Au théâtre, j’ai aussi travaillé avec Benjamin Jules-Rosette (« Les Enfants De Zombi », 1996), José Exélis (« Africa Solo » 2006), Hélène Zidi-Chéruy (« Le Tigre », 2005), Lucette Salibur (« La Ka Èspéré Godo » 2006 – « Zandoline », « Le Collier d’Hélène », 2007), Hervé Deluge (« Molière Folie’s », 2007).
Mon parcours pluridisciplinaire toujours allié à une quête identitaire, esthétique et vibratoire afro-caribéenne, m’a également amenée à participer à des créations chorégraphiques et musicales auprès de chorégraphes tels que Erol Josué (Haïti), Max Diakok (Guadeloupe), Norma Claire (Guyane), Chrysogone Diangouaya (Congo) et plus récemment avec José Chalons (Martinique), dans son spectacle « Attentes » où j’ai découvert l’univers de la danse Afro-Butoh.
Le théâtre, la danse, le chant m’ont toujours accompagnée. Ils sont pour moi autant de vecteurs d’expression. Il y a une continuité et une complémentarité entre toutes ces disciplines, et parfois même, le chant ou la danse peuvent mieux traduire une émotion que le jeu, les mots au théâtre. Je considère la comédienne que je suis comme un instrument à plusieurs cordes.

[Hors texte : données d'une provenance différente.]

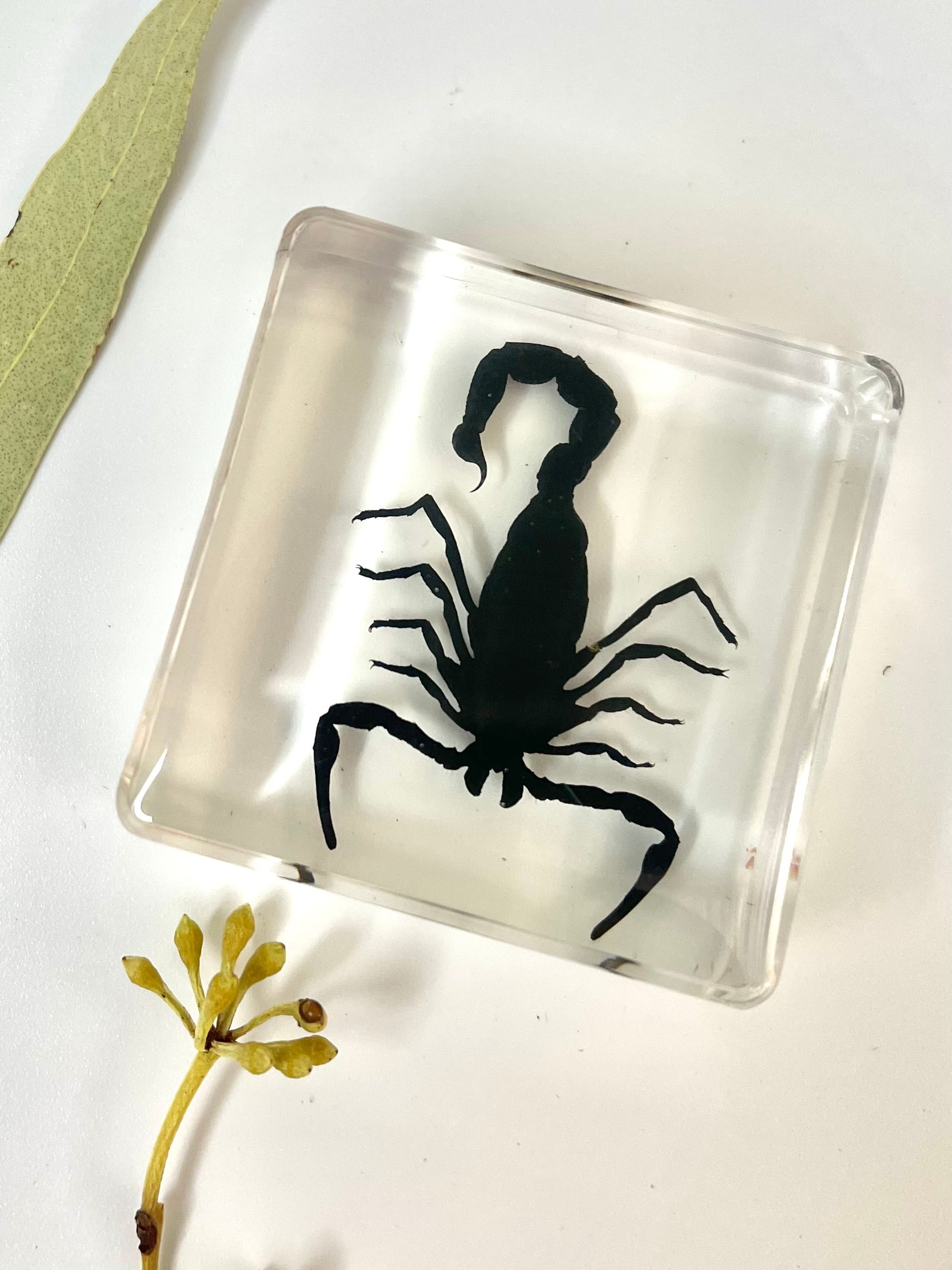 Crawling Animals Insects Bugs Resin Epoxy Blocks Specimens Toy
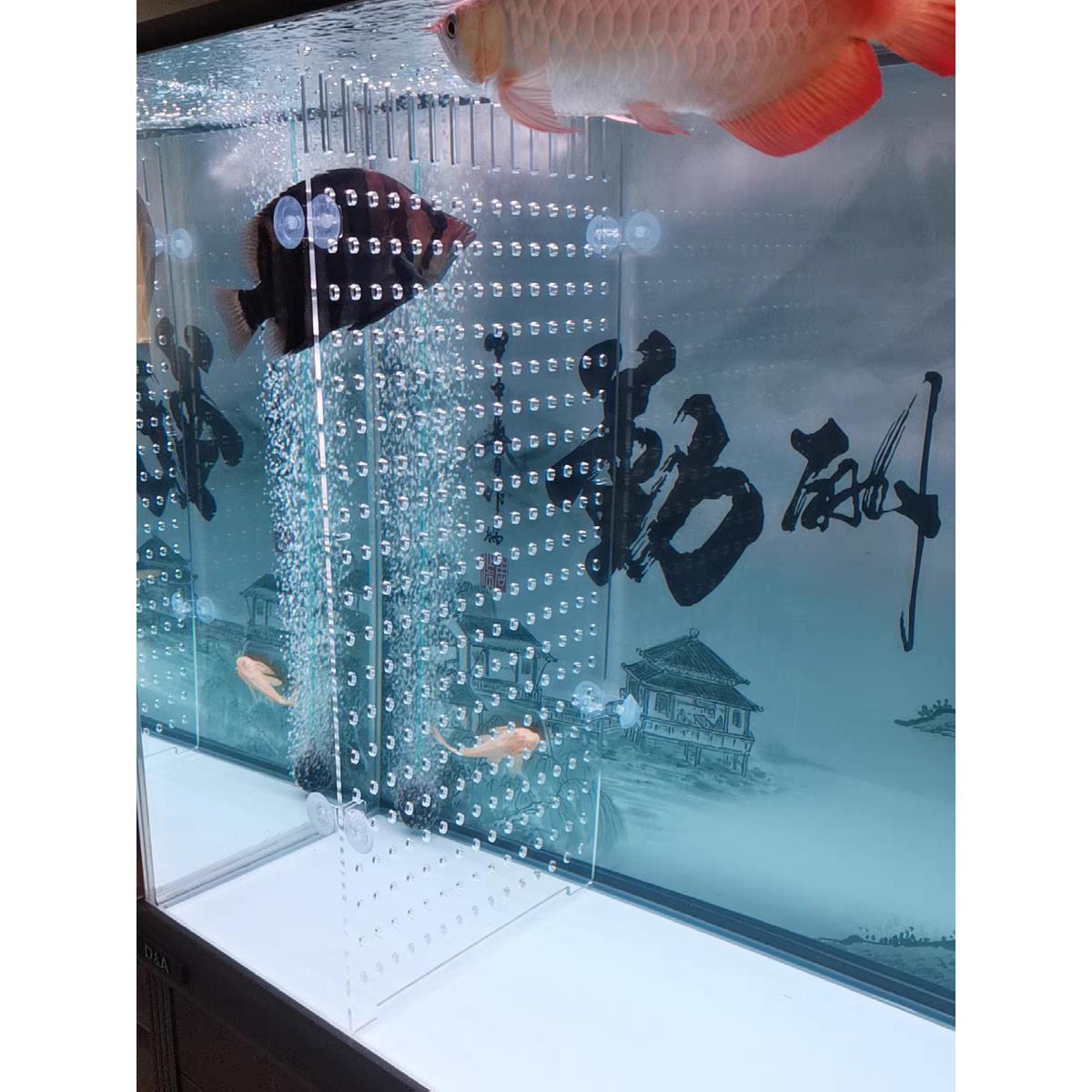 亚克力大鱼缸隔离板龙鱼虎鱼虹鱼内隔板定制高透海鲜池隔离板加厚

De 2002 à 2005, j’ai intégré le Laboratoire de l’Acteur dirigé par Hélène Zidi-Chéruy, ancienne directrice de casting, reconvertie dans le coaching d’acteurs. Sa méthode, basée sur l’école de Stanislavki et l’Actor’s Studio, m’a permis d’aborder différemment mon métier de comédienne et d’expérimenter une autre facette du métier, axée sur le jeu cinématographique. La caméra et son oeil chirurgical, y était un support pédagogique privilégié. Il s’agissait d’apprivoiser mon image, donc de m’apprivoiser moi-même, de révéler même de nouvelles facettes de ma personnalité et d’enrichir ainsi mon « instrument » et ma palette de jeu.
Je me suis dès lors dirigée vers la voie du grand et du petit écran : « La Noiraude » avec les sœurs Kanor (Prix d’interprétation aux Rencontres Cinématographiques de la Martinique en 2006), « Tropiques Amers » série télévisée de Jean-Claude Flamand Barny, « Paris je t’aime » de Gurinder Chadha, réalisatrice de « Coup de Foudre à Bollywood », « L’apprentie » court-métrage de Foued Mansour & Luc St-Eloy et plus récemment en Martinique « J’ai cessé de battre ma femme » court-métrage de Claude Rosalie ou le spot de prévention « N’y pense même pas » de Manu Coeman.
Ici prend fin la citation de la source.